# Management  took away one of my shifts on Mytime isnt that not allowed ?



## Clementine (Mar 2, 2022)

They took away one of my shifts cutting me down to 24 hours... But wall schedule was already posted.



I thought if wall schedule was posted they are not allowed to take away shifts ? Should I report them ???


----------



## NKG (Mar 2, 2022)

Clementine said:


> They took away one of my shifts cutting me down to 24 hours... But wall schedule was already posted.
> 
> 
> 
> I thought if wall schedule was posted they are not allowed to take away shifts ? Should I report them ???


If they over scheduled they have to make adjustments.

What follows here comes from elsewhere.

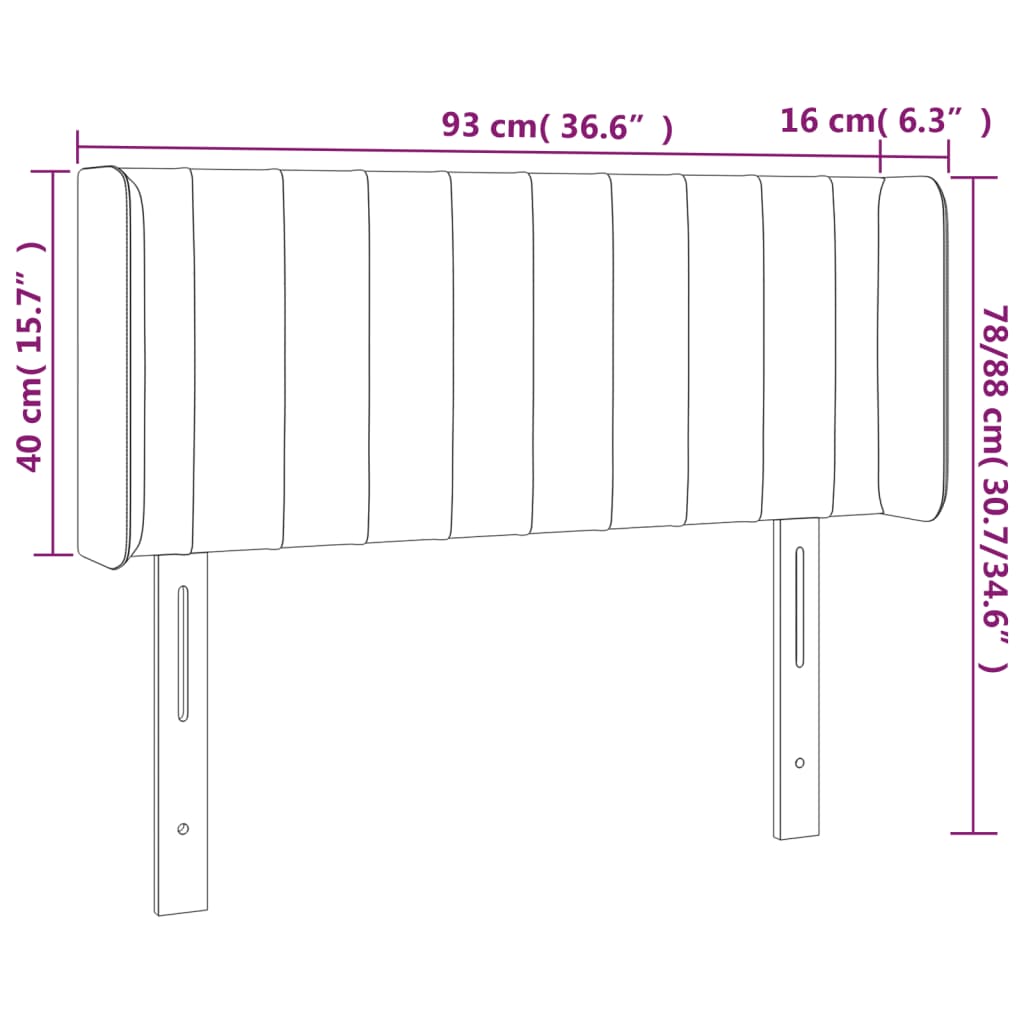 vidaXL Sänggavel med kanter svart 93x16x78/88 cm sammet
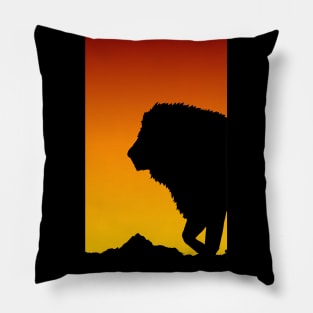 Sunset Lion Design - King of the Jungle Big Cat Lion Art Lion Lover Pillow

SDs get bonuses on saving payroll and trust me they rather you work 4  u boats, cover electronics and respond to mini seasonal than over charge 8 hours


----------



## Black Sheep 214 (Mar 2, 2022)

Clementine said:


> They took away one of my shifts cutting me down to 24 hours... But wall schedule was already posted.
> 
> 
> 
> I thought if wall schedule was posted they are not allowed to take away shifts ? Should I report them ???


Unfortunately they can still cut or change your schedule after it’s been posted.🙁


----------



## allnew2 (Mar 2, 2022)

Not if it’s posted . If anything he should have said something. You go by the wall schedule .


----------



## buliSBI (Mar 3, 2022)

Go by the wall schedule.  In some states, if a store makes schedule changes mid week, they have to inform you and you can then decide if you accept the change.

I had computer schedules changed on me without Leadership editing the posted schedule.  I would be called 1-2 times a week for months asking where I was.  Wall schedule has me off.


----------



## BurgerBob (Mar 3, 2022)

Yup our ETL always asks before changing anything


----------



## countingsheep (Mar 3, 2022)

Heck your state laws somw atates force notice for that crap. If you are qn at will state then your out of luck. They can dow whatever they qant qithout notice. Thats why you gotta check your scedule frewuently


----------



## Digi_E (Mar 3, 2022)

Clementine said:


> They took away one of my shifts cutting me down to 24 hours... But wall schedule was already posted.
> 
> 
> 
> I thought if wall schedule was posted they are not allowed to take away shifts ? Should I report them ???


It's not the best thing to do as it is a reflection of poor planning on leaderships part but if its well in advance of your last shift where you can still check it they can just post a cover sheet update. Once we go all digital tm's are expected to check often. works the same if they add shifts as well.


----------